Après la maîtrise, je souhaitais continuer de travailler en recherche, tout en conservant un lien entre l’UQAR et l’Université du Manitoba. Je me suis donc inscrite au doctorat en océanographie à l’UQAR.

Mon directeur de thèse, Steve Ferguson, de l’Université du Manitoba, est expert des mammifères marins arctiques. Ma codirectrice, Gesche Winkler, de l’ISMER, m’apporte son expertise sur le zooplancton. Ma deuxième codirectrice, Véronique Lesage, de l’Institut Maurice-Lamontagne (Pêches et Océans Canada), est spécialiste des grandes baleines.

Quels aspects des grandes baleines de l’Arctique étudiez-vous en particulier?
Ma thèse de doctorat porte sur l’écologie alimentaire et la distribution spatiale de la population de baleines boréales de l’Arctique de l’est canadien et de l’ouest du Groenland. Pour effectuer mes recherches, j’utilise trois méthodes d’échantillonnage bien précises :

La télémétrie satellite aide à dresser les mouvements et les profils de plongée de la baleine, pour mieux comprendre sa répartition et son utilisation de l’habitat. Avec mon équipe, j’installe des transmetteurs satellites sur le dos des baleines pour suivre leurs mouvements.
Les biopsies, c’est-à-dire le prélèvement d’un échantillon de peau et de graisse à l’aide d’une arbalète, servent à étudier son alimentation, spécialement en regard du zooplancton.
Enfin, nous étudions les contenus de l’estomac de la baleine pour analyser sa diète.
La population de baleines boréales a été grandement décimée durant la chasse commerciale aux 19e et 20e siècles et le rétablissement du nombre d’individus demeure précaire. Les caractères biologiques particuliers de l’espèce, conjugués aux changements climatiques la rende vulnérable. Les aires d’alimentation et la quête alimentaire de la baleine boréale peuvent être affectées par la quantité et par la disposition de la glace de mer, un peu comme c’est le cas chez l’ours polaire. Dans un contexte de changements climatiques, où l’Arctique se réchauffe, il est important d’étudier toutes les espèces de l’écosystème, du zooplancton jusqu’à la baleine. Ma recherche vise à voir comment ce mammifère marin s’adaptera à un pôle Nord avec de moins en moins de glace.

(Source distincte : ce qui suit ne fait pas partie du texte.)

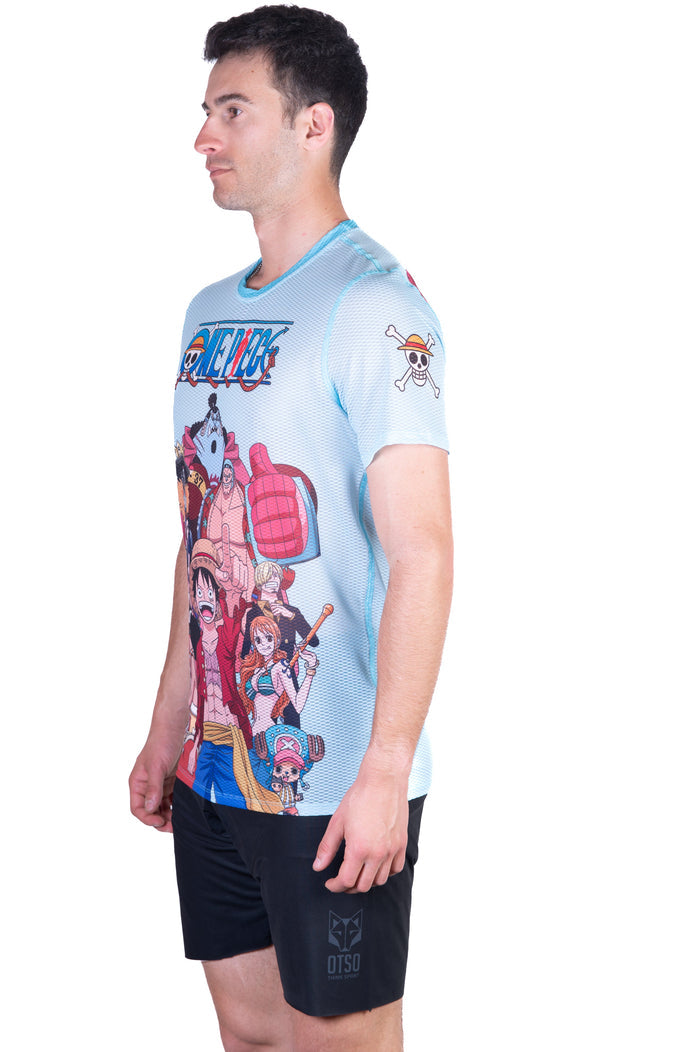 T-Shirt Homme manches courtes - One piece fishman straw hat crew turquoise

Quel lien peut-on établir avec la situation environnementale en Antarctique?
D’abord, j’ai eu la chance de participer au projet Students on Ice à la fin de l’année 2010, à proximité du pôle Sud. J’avais pour mission de présenter des ateliers de vulgarisation scientifique sur les changements climatiques à des jeunes de 14 à 19 ans provenant de partout dans le monde.

Students on Ice : Corinne Pomerleau participe à une mission en Antarctique >>>

Sciences de la mer : Corinne Pomerleau remporte une bourse de la Fondation W. Garfield Weston >>>

Contrairement à ce que l’on pourrait croire, l’Arctique est bien différent de l’Antarctique. Le pôle Nord est relativement accessible, il y existe une végétation et il s’agit d’une région maritime très stratégique sur le plan politique. À l’opposé, très peu d’humains ont mis les pieds au pôle Sud. Les mers sont plus difficiles à naviguer. Plusieurs de mes collègues chercheurs considèrent qu’un périple en Antarctique est aussi « exotique » qu’un voyage dans l’espace! Il s’agit peut-être du dernier endroit sur la Terre où la nature est encore « vierge ».

Au terme de votre doctorat, quels sont vos projets?
Je vais continuer mes recherches dans le domaine de l’océanographie en milieu polaire. Mon stage postdoctoral est déjà en préparation, et cette fois, j’irai en Colombie-Britannique et au Japon. Le Canada joue un rôle majeur dans la recherche en Arctique et je veux participer au rayonnement de notre pays dans ce secteur. Toutefois, mon réel défi sera de rendre la science accessible à la population, afin que le plus de gens possible fassent leur part pour contrer le réchauffement climatique. Chaque geste compte.